Farama-Foundation / D4RL

A collection of reference environments for offline reinforcement learning
Apache License 2.0
1.33k stars 286 forks source link

[Bug Report] `terminate_on_end` does not behave as documented #182

Open odelalleau opened 2 years ago

odelalleau commented 2 years ago

Describe the bug The docstring for qlearning_dataset() says:

        terminate_on_end (bool): Set done=True on the last timestep
            in a trajectory.

However, if you look at the code, it does not actually set done=True.

Code example

env = gym.make("maze2d-open-dense-v0")
dataset = d4rl.qlearning_dataset(env, terminate_on_end=True)
assert dataset['terminals'].sum() == 0  # but we would expect it to be >0

System Info Installed d4rl from pip on Linux.

Checklist

(there is a potentially related issue but it seems different to me: #145)

idigitopia commented 2 years ago

It is working as expected in my understanding.

The maze2d domain is designed such that the ball is "supposed to" stick around the end region.
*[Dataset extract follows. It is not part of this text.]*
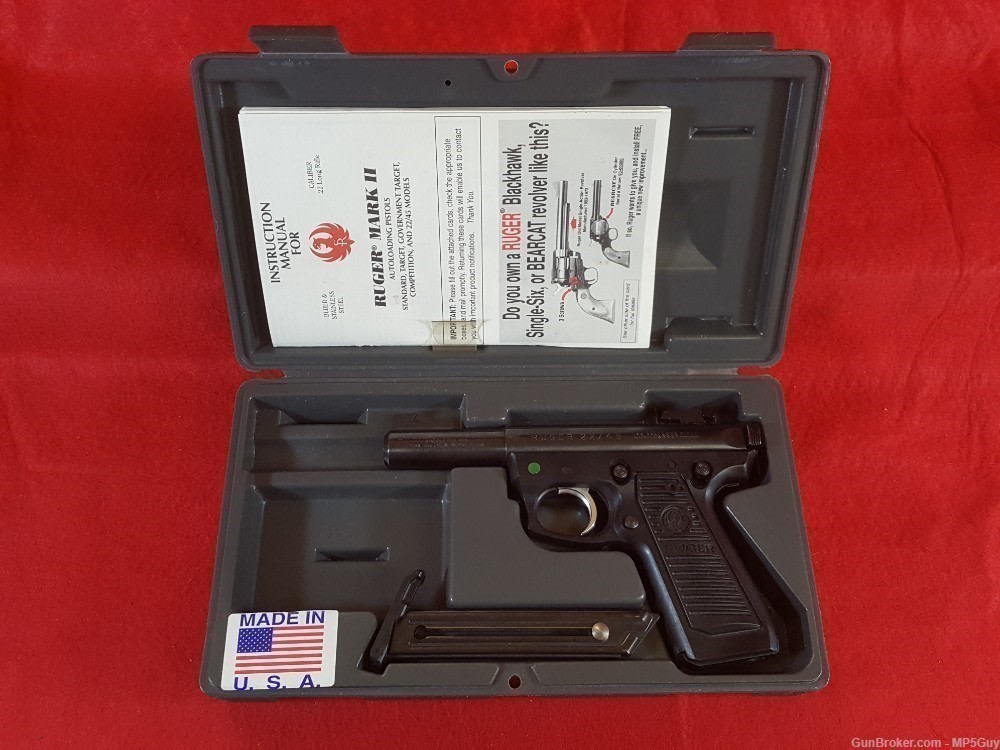[b0580] Ruger Mark II 22/45 P4 22LR-img-3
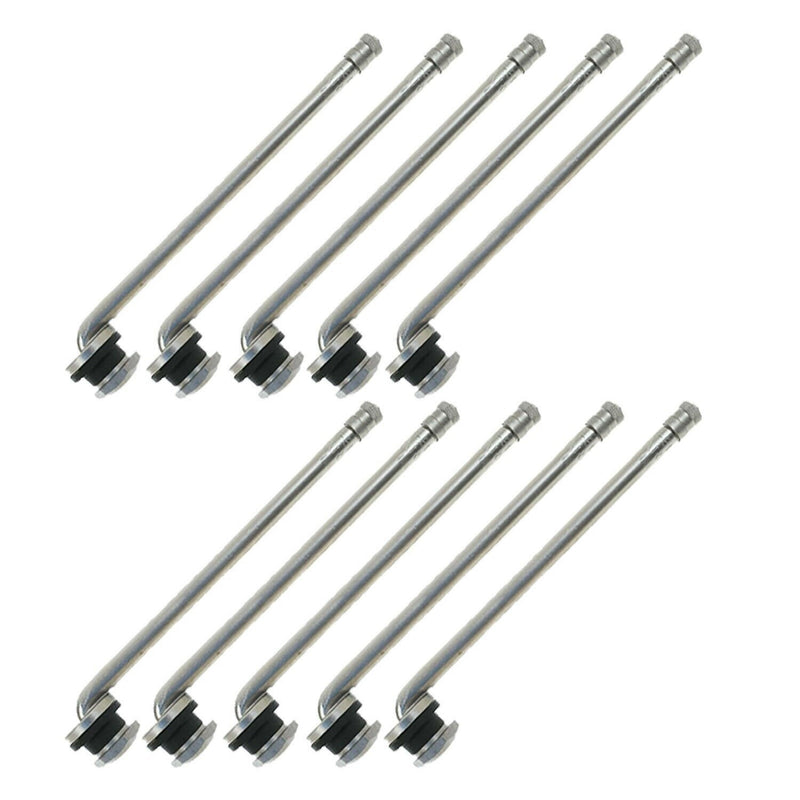 DURAFORCE TR510 5.5" 90° Valve Stem for Drop-Center Aluminum Wheels .625 Hole Pack of 10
That means the episode does not terminate when we reach the goal rather it will wait for max time step signal. Since end of an episode through max_time_step reaching is not "terimnal" state, This should be the desired behavior.

Here is a counter example where the episode does end on reaching the goal .

image

odelalleau commented 2 years ago

If it's working as expected then probably it means it's the documentation that needs to be fixed?

The doc explicitly says it sets "done=True" on the final timestep of a trajectory, and it is not the case. When looking at the implementation, in the codepath where final_timestep is True, the done flag is not modified when terminate_on_end is True, which contradicts the doc.